Organisasi Kesehatan Dunia (WHO) mengungkapkan bahwa lebih dari 1 miliar orang di seluruh dunia hidup dengan gangguan kesehatan mental, mulai dari kecemasan hingga depresi. Hal ini menjadi perhatian serius karena dampaknya terhadap aspek sosial, kesehatan, dan ekonomi sangat besar.
Dalam dua laporan terbarunya, World Mental Health Today dan Mental Health Atlas 2024, WHO menyoroti masalah ini menjelang Pertemuan Tingkat Tinggi PBB tentang penyakit tidak menular dan kesehatan mental di New York pada 25 September 2025. Direktur Jenderal WHO, Dr. Tedros Adhanom Ghebreyesus, menegaskan bahwa transformasi layanan kesehatan mental adalah hal yang mendesak dan penting untuk diinvestasikan.

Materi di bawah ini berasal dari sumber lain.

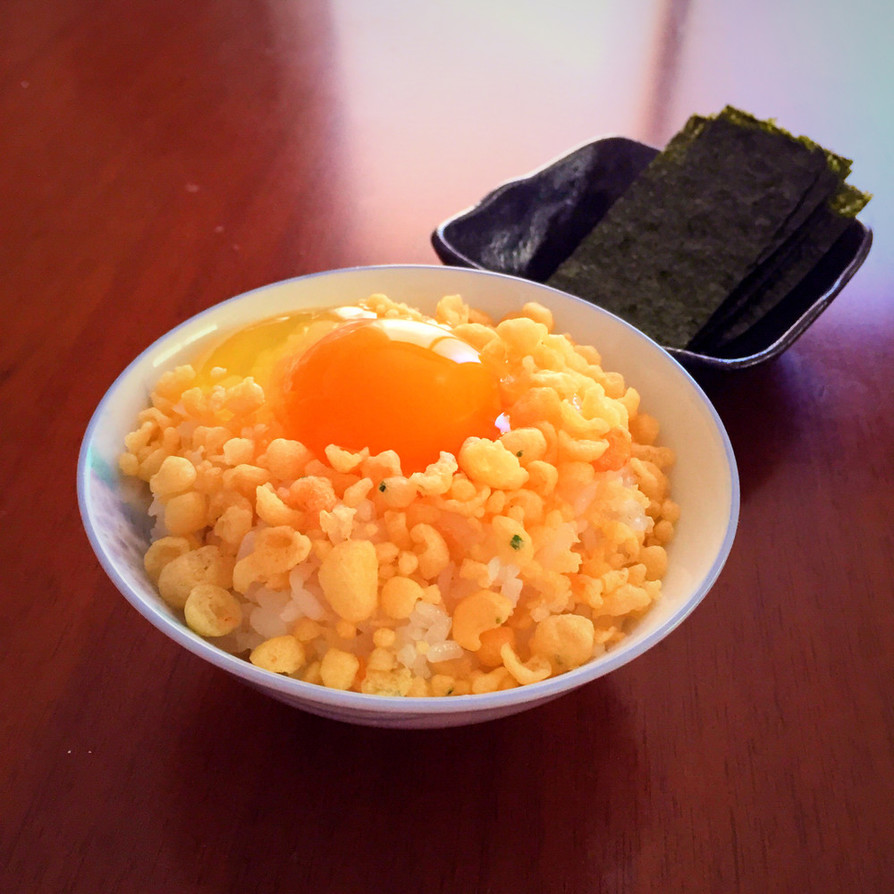 揚げ玉の卵かけご飯の画像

Bunuh diri telah merenggut sekitar 727.000 jiwa pada tahun 2021, menjadikannya penyebab kematian utama, terutama di kalangan anak muda dari berbagai negara dan kelompok sosial ekonomi. Meski telah ada upaya global, penurunan angka bunuh diri masih jauh dari target Tujuan Pembangunan Berkelanjutan PBB untuk menurunkannya sepertiga pada 2030.

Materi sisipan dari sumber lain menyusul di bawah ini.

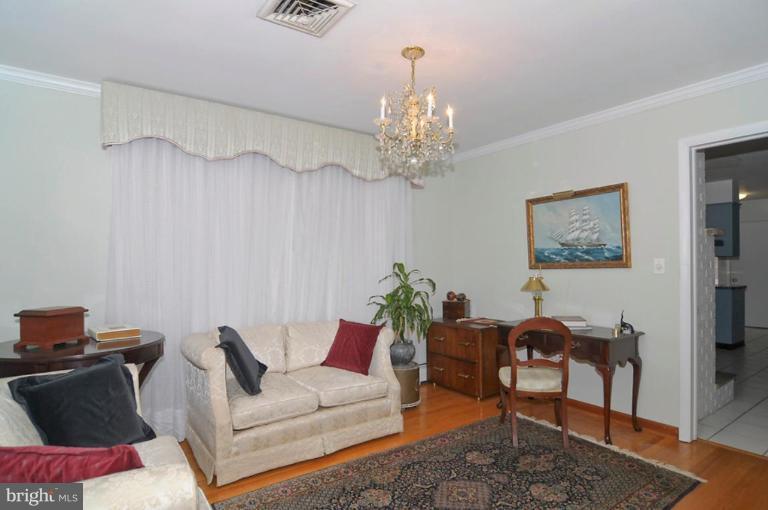 24917 Woodfield Road Damascus, MD 20872 - Photo 6 of 28 Den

Gangguan kecemasan dan depresi dikatakan sebagai masalah yang paling umum terjadi, dengan dampak yang signifikan pada ekonomi global. Laporan Mental Health Atlas 2024 juga menunjukkan bahwa investasi pada kesehatan mental masih minim. Belanja pemerintah untuk kesehatan mental hanya sekitar 2% dari total anggaran kesehatan dan belum mengalami peningkatan sejak 2017.
Kurangnya tenaga kesehatan mental juga menjadi hambatan, terutama di negara-negara berpenghasilan rendah hingga menengah. Meski demikian, terdapat kemajuan positif dimana lebih dari 80% negara telah memasukkan dukungan kesehatan mental dalam respons darurat, dan program promosi kesehatan mental mulai tersedia di sekolah. WHO menekankan perlunya percepatan transformasi sistem kesehatan mental global melalui pendanaan yang adil, reformasi kebijakan, investasi pada tenaga kerja kesehatan mental, dan penguatan layanan berbasis komunitas.